We are Rueko Studio (Pty) Ltd. (Registration Number: 2020/184434/07), the service provider, and you are our customer under these terms. These are the general terms of our relationship with you. They cover any transactions where we provide services to you. An order contains the commercial terms of a specific transaction and incorporates these terms

2. Agreement

2.1. Composition. This agreement consists of the terms and any order or any other specific terms applicable to the services.
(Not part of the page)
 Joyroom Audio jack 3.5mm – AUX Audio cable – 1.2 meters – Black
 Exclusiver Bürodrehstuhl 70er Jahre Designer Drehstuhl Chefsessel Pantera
2.2. Definitions. In this agreement:

business day means any day other than a Saturday, Sunday, or holiday (including a public or bank holiday) in the jurisdiction where we are organised;

business hours means our normal business hours on business days;

calendar day means a day counted from midnight to midnight and includes all days of the month, including Saturdays, Sundays, and public holidays;

contract year means, in respect of an order, each successive 12 calendar month period during the term of the order, calculated from the effective date;

order means a goods or services order agreed to and signed by both the parties describing the specific goods or services that we will provide to you;

sign means the handwritten signature or an electronic signature that the parties agree to use, of each of our duly authorised representatives; or

terms mean the terms, consisting of:

  • these general terms; and
  • any other relevant specific terms, policies, disclaimers, rules, and notices agreed between the parties, (including any that may be applicable to a specific section or module of the website);

we, us, or our means our organisation, the owner of the website. It includes our officers, agents, employees, owners, co-branders, and associates where the terms limit or exclude our liability;

you or your means the customer.

writing means the reproduction of information or data in physical form or any mode of reproducing information or data in electronic form that the parties agree to use.

3. Duration

3.1. Commencement. These terms commence whenever you accept them and continue until terminated.

4. Services

4.1. Licence. We grant you a limited licence to use the services for the duration of this agreement. We may cancel your licence if you breach this agreement.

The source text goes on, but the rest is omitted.